A la luz de estos datos, resulta curioso pensar que a más de cinco siglos desde 1492, expulsada la corona española del continente y concretada la “independencia” de las repúblicas latinoamericanas, todavía perduran en el territorio los abusos, vejaciones y desposesiones contra la los pueblos originarios y sus territorios.
En Chile, el proceso conocido como ocupación militar de la Araucanía, instalada en el imaginario colectivo como “pacificación”, redujo al pueblo Mapuche a un 5% de lo que fue su territorio ancestral. Consecuencia de esto fue la erosión y desintegración sociocultural, lingüística y político-administrativo del pueblo Mapuche, origen de los numerosos conflictos que en la actualidad enfrentan al pueblo Mapuche con los Estados chileno y argentino.
El dominio de antaño representado en las empresas de conquista, se ha actualizado a través de diversas formas y dispositivos como nuevas expresiones del colonialismo. Antes descubrimientos, hoy proyectos de inversión. Estas nuevas formas de colonialismo además se han fortalecido en el racismo instalado en la sociedad chilena donde un porcentaje significativo de la población se muestra contraria a las demandas indígenas por derechos colectivos. Esto se pudo apreciar en el reciente plebiscito nacional sobre el cambio constitucional en Chile, donde la plurinacionalidad y los derechos de los pueblos indígenas fueron temas controversiales en los debates públicos.
Este panorama histórico y coyuntural nos invita a re-pensar las relaciones desde otro lugar, no desde el prejuicio y los estereotipos desde los que la sociedad y los medios de comunicación representan a las demandas de los pueblos indígenas, sino que, desde la propuesta de la interculturalidad como un principio y un horizonte que nos permita construir relaciones sociales en un marco de valoración de las diferencias culturales y el encuentro con la otredad.

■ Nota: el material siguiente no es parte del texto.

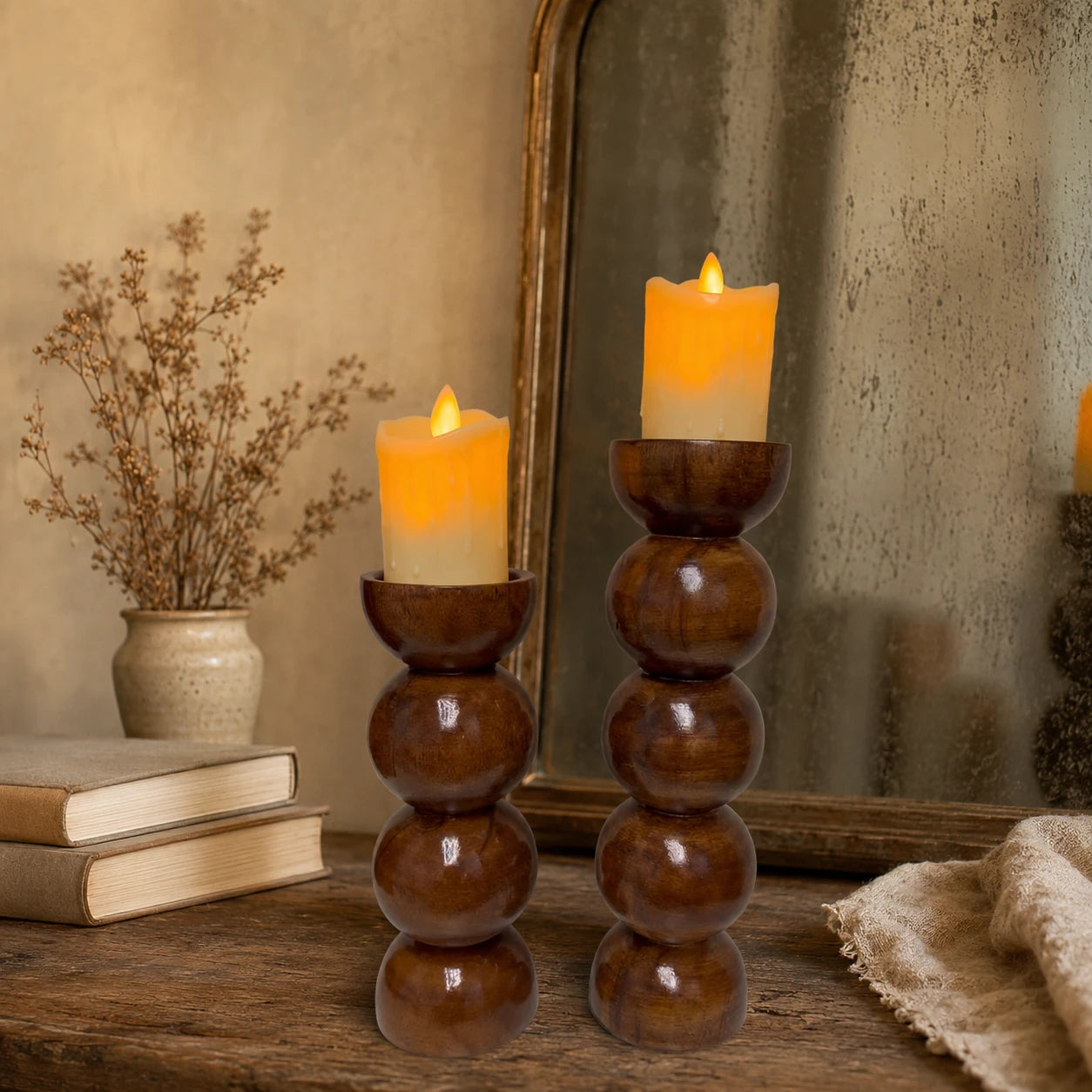 Premium Sheesham Wooden Candle Holder Set (2 Pieces)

No podemos olvidar que previo a la colonización de América el territorio era diverso cultural y epistemológicamente, y que esto significó un obstáculo ante lo que la colonización respondió con homogeneización y aculturación como mecanismo de dominación. La anulación de las diferencias culturales existentes al interior del continente americano permitieron y siguen habilitando la exclusión y el dominio sobre la población (Bonfil Batalla, 1972).
Así, el desafío de la interculturalidad está en escuchar los diversos puntos de vista en territorios y naciones que poseen una importante diversidad cultural como es el caso de Chile. Esta escucha permitirá la reflexión sobre la continuidad que han tenido estas heridas en la actualidad y la búsqueda necesaria de caminos de encuentro y diálogo que permitan a Chile conocer de mejor forma su memoria histórica y sus orígenes. Este ejercicio de conocer nuestra propia historia, permitirá reforzar nuestras identidades, el auto reconocimiento y valorar nuestra herencia territorial para aportar en la construcción de sociedades más respetuosas de su diversidad histórica y cultural.
Referencias:
Batalla Bonfil, Guillermo (1972). El concepto de indio en América. Anales de Antropología, disponible en http://www.revistas.unam.mx/index.php/antropologia/article/view/23077/pdf_647
Echeverría, Rafael (2005). La ontología del lenguaje. Editorial Granica
Galeano, Eduardo (1998). Las venas abiertas de América Latina. Editorial Catálogos
Quijano, Aníbal. Colonialidad del poder, eurocentrismo y América Latina. Cuestiones y horizontes: de la dependencia histórico estructural a la colonialidad/descolonialidad del poder. CLACSO
Todorov, Tzevan (1998). La conquista de América: el problema del otro. Siglo XXI Editores
[1] Quijano, Aníbal. Colonialidad del poder, eurocentrismo y América Latina. Cuestiones y horizontes: de la dependencia histórico estructural a la colonialidad/descolonialidad del poder, 2014, p. 778.